__What is needed__:
Within the records, tally the lines that contain "Stud" and reply with that number only.

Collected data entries
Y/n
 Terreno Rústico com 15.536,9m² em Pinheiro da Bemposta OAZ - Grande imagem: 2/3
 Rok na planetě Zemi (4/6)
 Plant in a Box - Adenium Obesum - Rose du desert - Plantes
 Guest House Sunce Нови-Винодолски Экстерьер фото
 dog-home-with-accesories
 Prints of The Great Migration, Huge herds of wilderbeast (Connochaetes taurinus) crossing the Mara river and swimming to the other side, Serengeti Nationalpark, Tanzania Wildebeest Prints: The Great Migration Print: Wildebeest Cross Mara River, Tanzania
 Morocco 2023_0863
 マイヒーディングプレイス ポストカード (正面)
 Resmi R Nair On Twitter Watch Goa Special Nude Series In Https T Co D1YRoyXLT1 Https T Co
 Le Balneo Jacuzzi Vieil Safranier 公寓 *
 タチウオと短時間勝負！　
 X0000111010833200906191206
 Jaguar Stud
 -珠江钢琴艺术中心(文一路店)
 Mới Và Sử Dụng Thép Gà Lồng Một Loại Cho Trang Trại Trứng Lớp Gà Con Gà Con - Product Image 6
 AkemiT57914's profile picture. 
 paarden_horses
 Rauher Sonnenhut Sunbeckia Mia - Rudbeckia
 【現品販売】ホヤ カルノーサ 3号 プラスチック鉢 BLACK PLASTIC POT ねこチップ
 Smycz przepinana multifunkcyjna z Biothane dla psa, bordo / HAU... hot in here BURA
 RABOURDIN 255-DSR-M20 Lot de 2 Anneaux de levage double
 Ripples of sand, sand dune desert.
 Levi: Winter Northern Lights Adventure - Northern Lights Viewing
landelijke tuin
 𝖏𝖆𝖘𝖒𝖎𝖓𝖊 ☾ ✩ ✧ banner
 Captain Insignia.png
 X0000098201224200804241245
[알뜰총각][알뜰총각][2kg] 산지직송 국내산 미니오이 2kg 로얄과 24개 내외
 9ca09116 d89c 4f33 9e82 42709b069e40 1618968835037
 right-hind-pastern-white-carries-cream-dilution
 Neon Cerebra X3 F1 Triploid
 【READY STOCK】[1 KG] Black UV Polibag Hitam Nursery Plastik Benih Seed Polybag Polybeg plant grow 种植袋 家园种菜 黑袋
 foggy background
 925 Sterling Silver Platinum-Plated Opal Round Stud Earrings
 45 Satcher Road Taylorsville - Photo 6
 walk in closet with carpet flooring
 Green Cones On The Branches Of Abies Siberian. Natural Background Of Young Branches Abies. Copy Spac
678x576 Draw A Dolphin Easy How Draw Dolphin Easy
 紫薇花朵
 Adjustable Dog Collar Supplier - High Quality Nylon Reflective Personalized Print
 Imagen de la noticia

__Output__:
2